COVID-19 Exclusions in Representation and Warranty Insurance Policies for M&A Transactions
In response to the rapidly changing and unpredictable business environment resulting from the novel coronavirus (COVID-19) outbreak, underwriters of representation and warranty insurance (RWI) policies are introducing broad exclusions from business interruption or business downturn losses arising out of or relating to COVID-19, and in some cases, any related government or regulatory response.
Although it is unlikely that parties obtaining these policies can avoid COVID-19 exclusions altogether (RWI policies commonly exclude known risks), they are negotiable and should be appropriately tailored to limit the scope of the exclusion. Rather than encompassing any losses that may later be construed to relate in any way to COVID-19 and its far-reaching impacts, the scope of the exclusion should be limited to business interruption and downturn losses solely to the extent resulting from COVID-19 and ideally based on a risk specifically identified prior to binding the policy.
Broad Applicability of Proposed Exclusion
An exclusion for losses "arising from or relating to any business interruption or business downturn arising out of COVID-19" could be read as allowing the insurance company to avoid coverage if it can show that the circumstances underlying the breach of an otherwise covered representation and warranty had anything to do with COVID-19. Limiting the exclusion to losses "resulting from any business interruption or business downturn arising out of COVID-19" would increase the burden on the insurer to show that the loss was directly caused by COVID-19, but still may not be enough to afford buyers the protection they are looking for under the RWI policy.
Take, for example, a representation by a seller that, to its knowledge, no third party has materially breached a material contract, when in fact the seller's sole supplier of a component necessary to manufacture the seller's product has failed to deliver several shipments of the necessary component. As a result, after the closing, the seller is unable to fulfill orders for its customers. The supplier did not deliver the shipments because it had to shut down its factory due to COVID-19 concerns. A broad exclusion for losses arising out of or relating to COVID-19 could preclude the buyer from recovering under its RWI policy because the business interruption that the buyer experienced arguably resulted from COVID-19.
Limiting the Scope and Impact of the Exclusion
The COVID-19 exclusion should, like any other RWI exclusion, have limited application to circumstances in which it is a known risk (i.e., representations and warranties for which the seller has disclosed the impact of COVID-19 as an exception), and, in the event not already covered by application to seller disclosure, forward-looking representations and warranties (representations and warranties for which the impact of COVID-19 may not yet be apparent).
That said, these exclusions are new, and the likelihood is that insurers will be unwilling to deviate much from a broad exception until they have a better handle on how COVID-19 claims will play out. At the very least, the COVID-19 exclusion should be limited to losses actually resulting from COVID-19.

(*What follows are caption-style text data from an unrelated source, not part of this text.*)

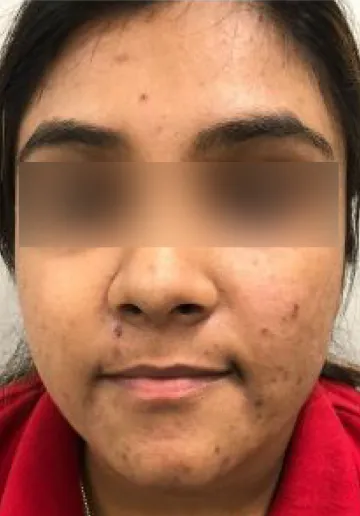 Chemical Peel Before and after results at Dermatrix Clinic
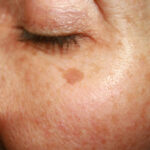 Pigmentvlekken verwijderen brown spots under the eye. pigmentation on the face.
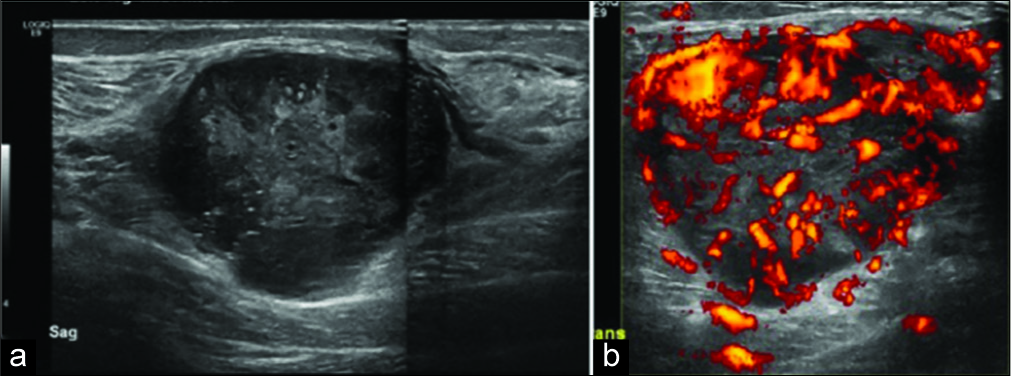 Extended view sagittal ultrasound image (a) of the lower leg demonstrating a large heterogeneous soft tissue lesion with marked hypervascularity on power Doppler imaging (b) subsequent biopsy confirmed a malignant fibrous tumor.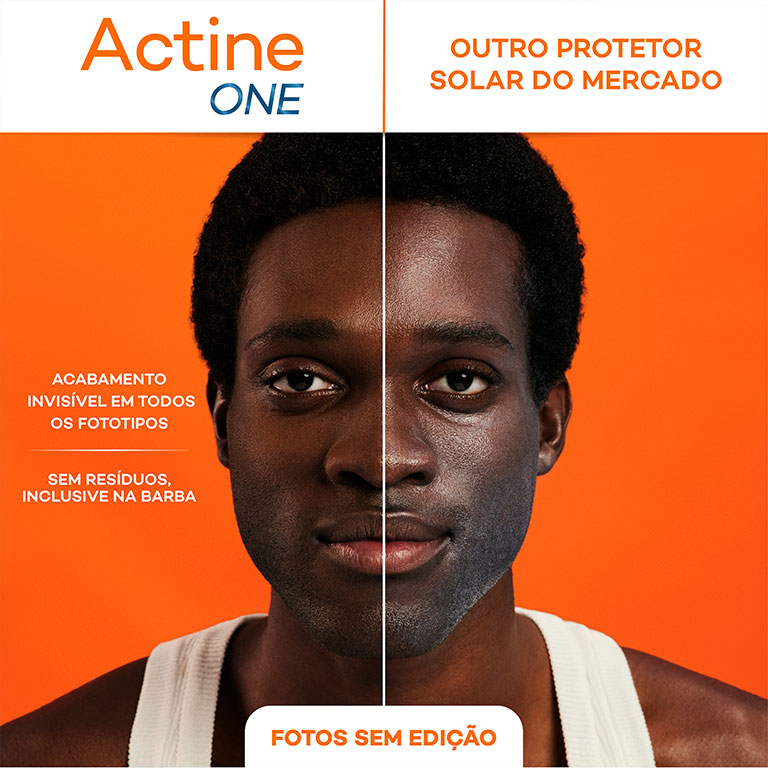 Imagem Actine One | Antes e Depois | Darrow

In addition, the policyholder should seek express language in the policy that the COVID-19 exclusion (and, indeed, any exclusion) applies only to that portion of the loss that falls within the exclusion, and the reminder of any loss shall remain covered ("solely to the extent such business interruption or other business downturn results from COVID-19").
Takeaways
Even with some narrowing of the exception, buyers may not receive the same protection previously provided under these policies and may find themselves in disputes regarding whether, and the extent to which, a loss was caused by COVID-19. In the absence of insurance protection for COVID-19 losses, parties should consider whether additional representations and warranties, special indemnities, or other risk allocation provisions should be used to address this risk.
Parties to transactions relying on RWI policies are encouraged to seek advice from trusted counsel regarding the scope of policy coverage and exclusions.